The biggest challenge for me? The busy-ness of life is after 3pm. My internal clock wants to start winding down around 5pm, just when things are starting to ramp up. You’d better believe I try to finish all the errands, cleaning, laundry, phone calls, paperwork, household business and shopping before 3pm, because that’s when the real work of the day begins! Gone are the days of leisurely trips to the park, making dinner while tired children watch something sweet like Winnie-the-Pooh, and quite evenings spent alone or with my husband.
But the biggest blessing? Watching my children develop into the people they are going to be. I can already talk and laugh with my teenage daughter like I would a friend.
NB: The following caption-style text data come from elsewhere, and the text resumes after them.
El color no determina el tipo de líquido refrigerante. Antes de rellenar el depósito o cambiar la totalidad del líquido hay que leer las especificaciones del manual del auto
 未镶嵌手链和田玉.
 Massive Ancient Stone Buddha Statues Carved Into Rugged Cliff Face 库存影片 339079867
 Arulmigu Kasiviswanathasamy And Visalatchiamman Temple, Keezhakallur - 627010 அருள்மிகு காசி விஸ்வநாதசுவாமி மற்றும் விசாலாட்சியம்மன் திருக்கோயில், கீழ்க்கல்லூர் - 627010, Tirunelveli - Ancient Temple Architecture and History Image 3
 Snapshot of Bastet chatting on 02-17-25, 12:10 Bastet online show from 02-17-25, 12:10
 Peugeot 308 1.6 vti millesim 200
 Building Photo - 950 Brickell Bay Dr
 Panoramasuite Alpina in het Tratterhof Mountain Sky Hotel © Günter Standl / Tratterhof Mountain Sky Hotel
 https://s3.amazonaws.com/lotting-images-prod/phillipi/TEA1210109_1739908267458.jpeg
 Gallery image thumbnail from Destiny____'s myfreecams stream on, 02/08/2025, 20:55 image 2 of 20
Like I said, it’s a whole new set of challenges and blessings.
So carry on, mothers of young children! The work continues in it’s various forms and colors and it’s not letting up anytime soon. But the sooner we can choose happiness and gratitude amidst the demands and challenges of motherhood, the better off we’ll be.
QUESTION: If you are the mother of older children, what do you find are the biggest challenges as well as blessings?
CHALLENGE: Decide today to embrace each stage of motherhood in all it’s glory!